The Sunnyvale, California-based company said on Wednesday it was offering Yahoo users thousands of recipes, advice from regional celebrity chefs, video cooking guides and easy-to-use Web tools to help cooks answer the daily question: What's for dinner?
The Web media giant is looking to create a new lifestyle business in a category that, while well established in Internet terms, is largely fragmented among food industry players and niche recipe sites, with few big independent media players.
Yahoo Food (http://food.yahoo.com) will be served up to the US market initially.
Early in 2007, it aims to move into other English-speaking countries like Australia, Britain and Canada, then expand into other global markets, officials said.

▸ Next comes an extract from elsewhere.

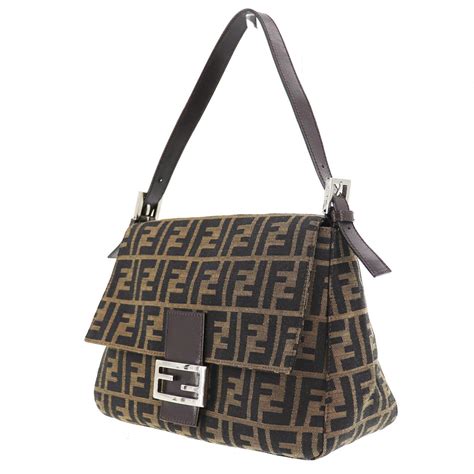 authentic fendi bags price|authenticating Fendi handbags.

Among Web users, the US food reference category is dominated by cable television's Food Network, suppliers such as Kraft Foods, BettyCrocker.com and Williams-Sonoma and specialist cook sites including Cooks.com and Epicurious, according to US data from audience measurement firm Hitwise Inc.

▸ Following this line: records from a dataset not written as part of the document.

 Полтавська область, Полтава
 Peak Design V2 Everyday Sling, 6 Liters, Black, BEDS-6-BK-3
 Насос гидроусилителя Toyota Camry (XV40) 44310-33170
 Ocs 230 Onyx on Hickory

Other than the Food Network, independent media companies are not big players online. AOL Food is active but has a tiny market share, according to Hitwise.
Gadget review company Cnet Networks Inc. recently relaunched Chow.com.
“This is very much of an extension of Yahoo's media business.” general manager of Yahoo Lifestyles, Deanna Brown said in an interview.
“It's a very compelling experience for Yahoo advertisers,” she added.
Yahoo offers a searchable recipe database, personalized features that remind Yahoo users of their prior searches for recipes or articles on the site, and a potentially vast social network of people united by common interests around food.
Search underpins the workings of the site. The technology indexes thousands of recipes via a partnership with allrecipes.com. Users can search by ingredient, cuisine, foods for special.